The Great Myth of Britain's "Great Betrayal"

I wrote a proper book review of Ausgustine Meaher's The Road to Singapore (which inspired my recent post - The Mythology of British Weakness in the Second World War), which has been published in Quadrant magazine.

The link to my article The Great Myth of Britain's "Great Betrayal" is here.


  1. I found Meaher's book a bit based on myth itself. One need only read the title page to question Meaher's legitimacy as a serious writer. The cover title, and that on the title page, differ - and then he uses each title interchangibly in his preface/prologue.
    I doubt any historian disagrees that our inter-war politicans were deluded about Australia's defence. Even Day, Horner, Ross and the others he sets out to discredit left me with that impression.
    But Meaher is quite selective in his analysis, as he says are the others. He overlooks the particular effects of the Depression on Australia's economy - much worse here than in the UK and US. He overlooks the very many orders for equipment (mainly aircraft) placed on Britain that were never filled (even while orders for Finland and other non Empire countries were filled). He overloooks the interference run on Australia's aircraft and defence industry by Britain and some pro-British politicans. He justifies Churchill's treatment of Australia's forces (and Australia more generally) in a simple reference to the Westminster statute and Balfour Declaration (agreeing their foreign policy, he simplifies, means excusing everything Churchill's Britain did to Australia).
    He does not analyse Churchill's actions, and many of his key arguments lack any depth in analysis. His point that Australia misunderstood Empire Defence (viz local defence) is sound and is also widely acknowledged, but Meaher's basis is misleading. That Australia chose to raise its own navy rather than contribute $$ to the British RN is counter to his conclusion that Australia ignored her local defence. His RAAF example of the Demon fighter order in 1936 (the year UK ordered Spitfire/Hurricane) is a deceptive use of his reference. If he had read his reference in full (even the page preceding the one he quotes) he would have realised that many more Demons were ordered than he quotes, and that the new generation fighters took quite some time to mass production. On fighters, he does not explain why Australia had none - indeed, he completely overlooks the analysis that was done by Willams, Bostock and others including the British defence chiefs on Australia's need for a fighter.
    After reading your Quadrant Review of Meaher's PhD work, I looked forward to a read, but I was very disappointed. I don't recommend Meaher's book to anyone.

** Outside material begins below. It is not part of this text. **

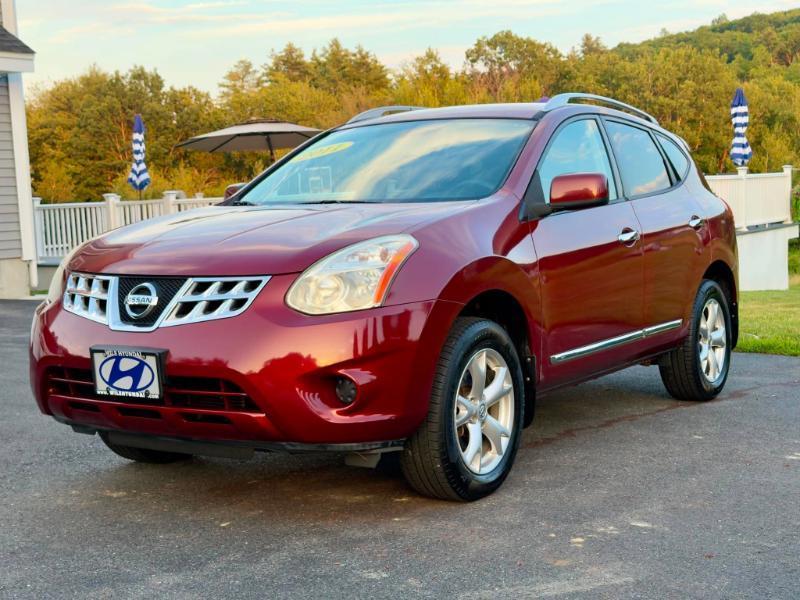 Nissan Rogue S AWD 2011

  2. Sorry if my review mislead you. The extra info I put in for clarity was not part of the book (which is why I said he was not a naval historian and didn;t cover a lot of it). He doesn't really get into armaments or reinforcements or any of that.

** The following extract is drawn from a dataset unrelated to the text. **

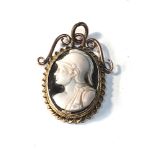 Vintage gold framed banded agate cameo pendant measures approx 2.8cm drop by 1.8cm wide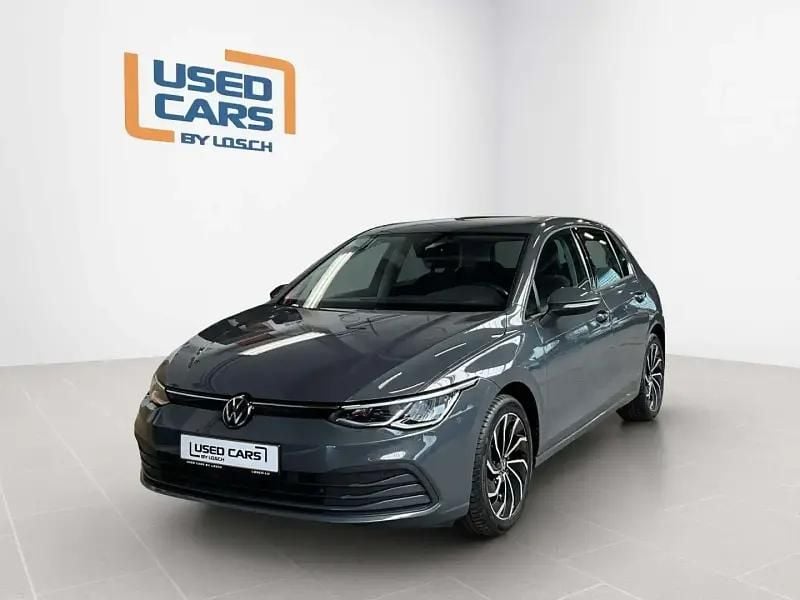 Gris Utilisé 2023 VW Golf VIII Life Berline | 22 553 € (Bon prix) - Image 1/4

    Meaher states that he concentrates entirely on the failings of Australia's elites - political, social, military and economic. HIs book is quite good on these, but it is only supporting evidence for the overall trend of the discussion.

    (For a better historiographical analysis I hope you enjoy my more detailed article in a forthcoming Quadrant.)

  3. All military powers made some serious miscalculations though not always decisive one. Japanese never used their 65-70 high-quality U-boats to attack American supply. Germans and Japanese didn't quite well understand the idea of "superbattlefield". Britons didn't focus enough good aircraft for Navy carriers and made terrible mistakes sending battleships and other large vessels with poor aircover.

    If i had to select one great mistake both Japan and Germany made was their policy of training pilots after first huge success. They trusted too much on few thousand well trained pilots for air warfare. It was far far from enough as we noticed in action of 1943-44

    1. Good point, but all nations suffered from some variant of 'at the moment our X forces are the best, therefore we won't make adequate plans for the next generation...'
      The Germans and Japanese did this worst with planes and pilots, leaving upgrade models too late, and stepping up pilot production far too late.
      Mind you the British and the Americans did the same thing with Tanks!